* **PROBLEM DETAILS**
Write out, word for word and with no pictures, each line below from the one containing "How is this" through the one containing "JSP is sending", both included, and no other line.

[Stored data]
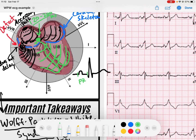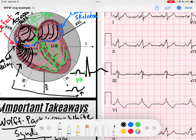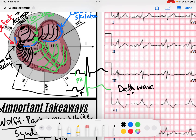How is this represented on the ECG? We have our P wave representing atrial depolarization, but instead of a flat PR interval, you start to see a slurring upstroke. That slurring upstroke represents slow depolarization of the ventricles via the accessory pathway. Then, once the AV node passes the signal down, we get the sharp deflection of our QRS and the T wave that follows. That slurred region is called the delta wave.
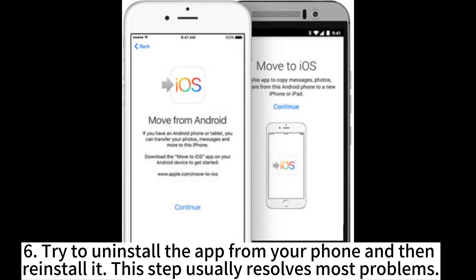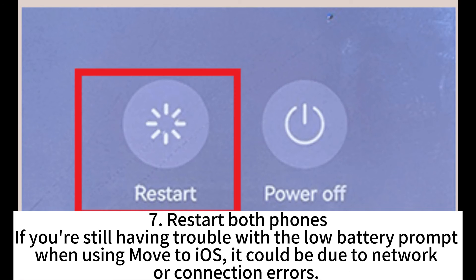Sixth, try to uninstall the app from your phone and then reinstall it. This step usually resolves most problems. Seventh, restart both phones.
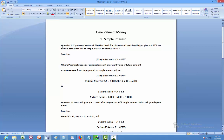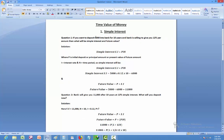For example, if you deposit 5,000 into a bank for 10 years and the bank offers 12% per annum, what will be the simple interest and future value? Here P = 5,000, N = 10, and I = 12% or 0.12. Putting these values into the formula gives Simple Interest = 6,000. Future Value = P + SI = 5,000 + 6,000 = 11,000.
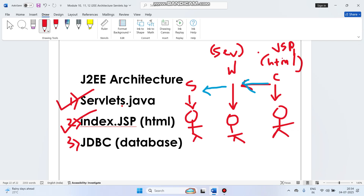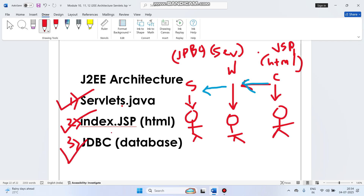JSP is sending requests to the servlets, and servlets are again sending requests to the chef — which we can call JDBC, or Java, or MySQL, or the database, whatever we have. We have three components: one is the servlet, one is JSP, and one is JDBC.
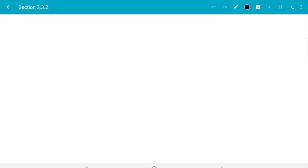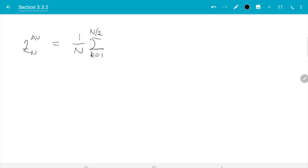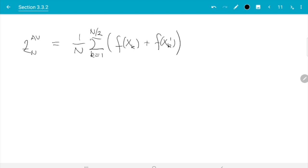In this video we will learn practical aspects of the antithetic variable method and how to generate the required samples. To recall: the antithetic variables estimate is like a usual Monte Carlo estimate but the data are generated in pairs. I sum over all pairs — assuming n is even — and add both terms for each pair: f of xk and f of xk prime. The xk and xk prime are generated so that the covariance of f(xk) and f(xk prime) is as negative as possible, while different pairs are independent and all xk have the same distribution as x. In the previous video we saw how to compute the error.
--
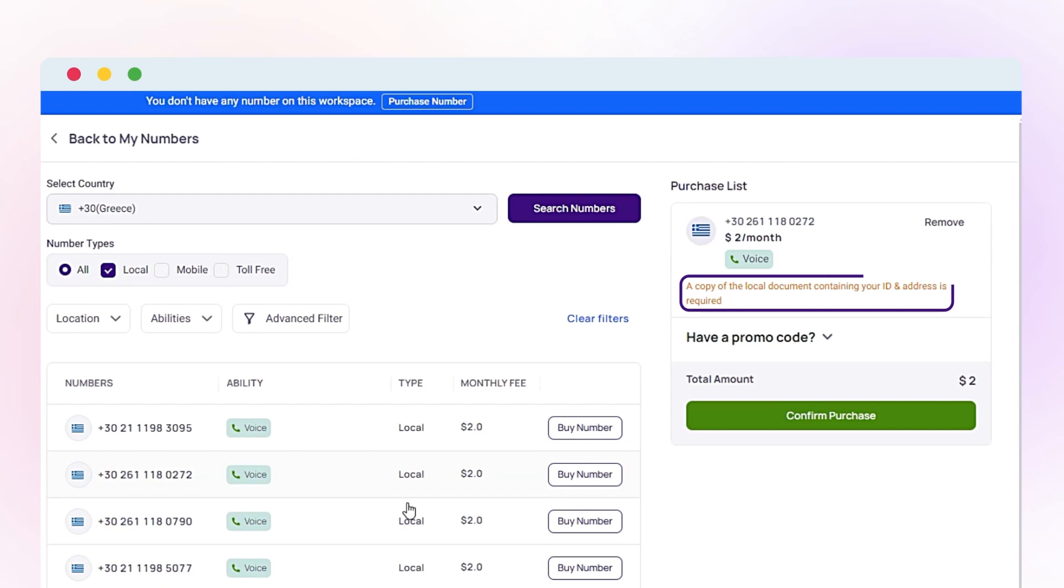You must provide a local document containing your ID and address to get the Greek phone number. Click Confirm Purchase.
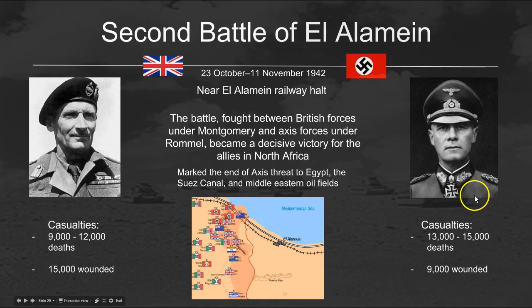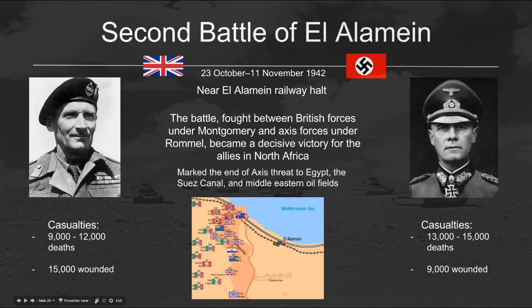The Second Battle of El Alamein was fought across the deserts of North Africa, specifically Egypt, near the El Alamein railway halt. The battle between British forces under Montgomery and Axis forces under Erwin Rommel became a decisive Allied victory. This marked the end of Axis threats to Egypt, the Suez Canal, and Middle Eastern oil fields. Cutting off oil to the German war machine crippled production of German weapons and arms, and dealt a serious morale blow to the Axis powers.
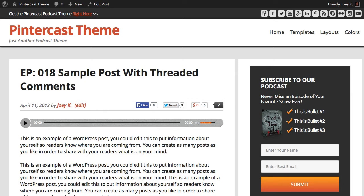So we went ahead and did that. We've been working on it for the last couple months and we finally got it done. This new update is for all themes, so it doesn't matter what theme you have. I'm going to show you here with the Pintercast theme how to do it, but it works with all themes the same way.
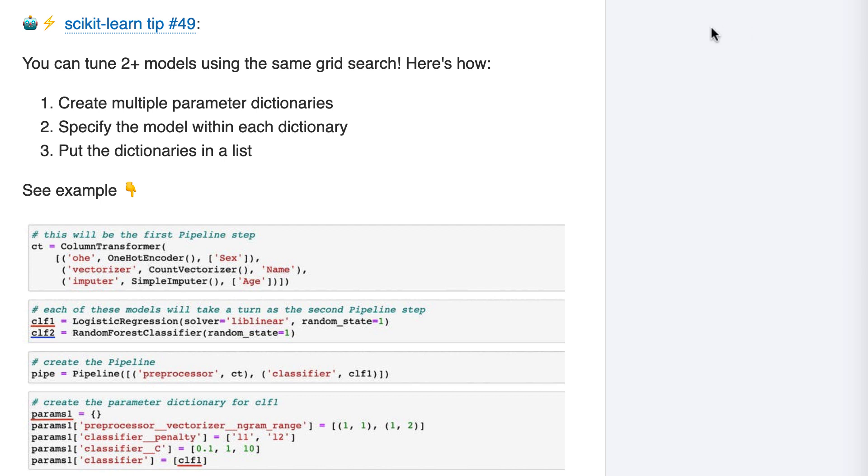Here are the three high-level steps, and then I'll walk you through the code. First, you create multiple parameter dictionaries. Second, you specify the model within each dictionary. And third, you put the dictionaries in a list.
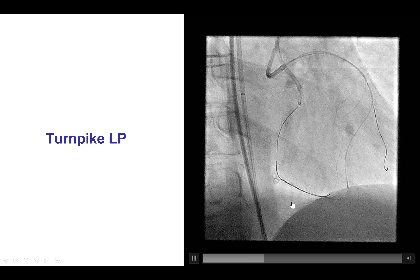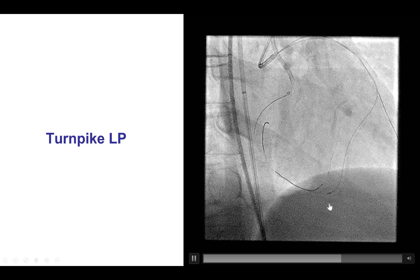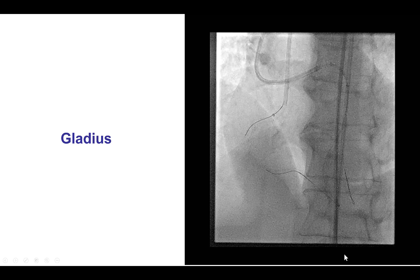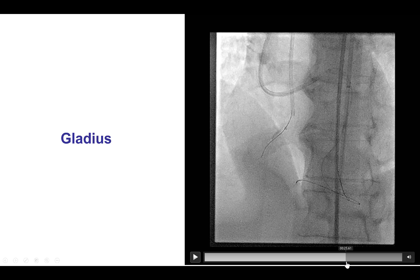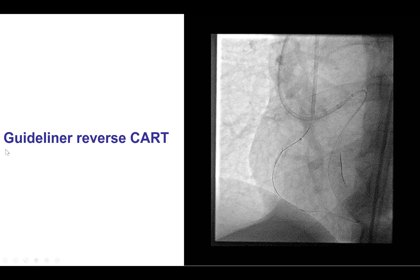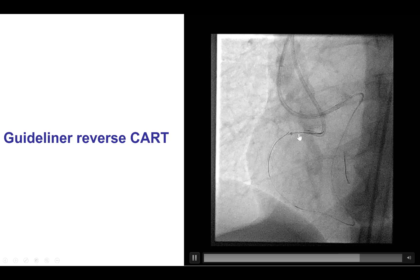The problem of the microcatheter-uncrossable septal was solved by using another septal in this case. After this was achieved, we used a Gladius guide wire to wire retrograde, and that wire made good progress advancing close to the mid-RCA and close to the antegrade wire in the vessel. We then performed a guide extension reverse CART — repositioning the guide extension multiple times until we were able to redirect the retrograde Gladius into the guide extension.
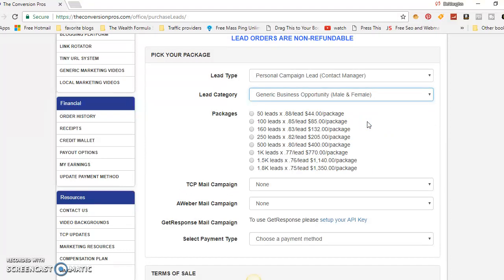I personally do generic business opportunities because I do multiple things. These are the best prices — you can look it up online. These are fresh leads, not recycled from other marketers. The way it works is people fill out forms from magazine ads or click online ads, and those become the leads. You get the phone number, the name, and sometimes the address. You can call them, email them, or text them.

* **ANSWER FOR THE TASK**
How is this represented on the ECG? We have our P wave representing atrial depolarization, but instead of a flat PR interval, you start to see a slurring upstroke. That slurring upstroke represents slow depolarization of the ventricles via the accessory pathway. Then, once the AV node passes the signal down, we get the sharp deflection of our QRS and the T wave that follows. That slurred region is called the delta wave.
Sixth, try to uninstall the app from your phone and then reinstall it. This step usually resolves most problems. Seventh, restart both phones.
For example, if you deposit 5,000 into a bank for 10 years and the bank offers 12% per annum, what will be the simple interest and future value? Here P = 5,000, N = 10, and I = 12% or 0.12. Putting these values into the formula gives Simple Interest = 6,000. Future Value = P + SI = 5,000 + 6,000 = 11,000.
JSP is sending requests to the servlets, and servlets are again sending requests to the chef — which we can call JDBC, or Java, or MySQL, or the database, whatever we have. We have three components: one is the servlet, one is JSP, and one is JDBC.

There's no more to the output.